━━━━━ EXCERPTED DATA ━━━━━

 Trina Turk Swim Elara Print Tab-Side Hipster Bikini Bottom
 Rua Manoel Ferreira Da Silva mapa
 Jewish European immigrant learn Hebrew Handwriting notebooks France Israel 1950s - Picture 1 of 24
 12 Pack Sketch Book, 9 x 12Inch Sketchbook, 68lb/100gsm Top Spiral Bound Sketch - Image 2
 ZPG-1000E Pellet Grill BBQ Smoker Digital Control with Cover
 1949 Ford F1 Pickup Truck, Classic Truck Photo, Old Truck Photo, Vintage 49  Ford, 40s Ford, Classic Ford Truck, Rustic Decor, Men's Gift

━━━━━
━━━━━ EXCERPTED DATA ━━━━━

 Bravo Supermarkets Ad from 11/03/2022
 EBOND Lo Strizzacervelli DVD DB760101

━━━━━
━━━━━ EXCERPTED DATA ━━━━━

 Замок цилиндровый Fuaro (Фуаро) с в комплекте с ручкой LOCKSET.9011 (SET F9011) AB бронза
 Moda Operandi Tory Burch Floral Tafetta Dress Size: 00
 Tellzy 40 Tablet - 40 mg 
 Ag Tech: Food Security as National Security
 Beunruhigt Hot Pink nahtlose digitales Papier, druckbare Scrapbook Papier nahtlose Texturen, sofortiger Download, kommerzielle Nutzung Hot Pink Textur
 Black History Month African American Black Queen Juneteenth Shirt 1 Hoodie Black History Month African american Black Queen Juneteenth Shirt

━━━━━

ACTIVITY: Everything starting at the line containing "Trina Turk Swim" and ending at the line containing "1949 Ford F1" in the records above should be repeated exactly, and only that.

RESULT OF THIS TASK:
 Trina Turk Swim Elara Print Tab-Side Hipster Bikini Bottom
 Rua Manoel Ferreira Da Silva mapa
 Jewish European immigrant learn Hebrew Handwriting notebooks France Israel 1950s - Picture 1 of 24
 12 Pack Sketch Book, 9 x 12Inch Sketchbook, 68lb/100gsm Top Spiral Bound Sketch - Image 2
 ZPG-1000E Pellet Grill BBQ Smoker Digital Control with Cover
 1949 Ford F1 Pickup Truck, Classic Truck Photo, Old Truck Photo, Vintage 49  Ford, 40s Ford, Classic Ford Truck, Rustic Decor, Men's Gift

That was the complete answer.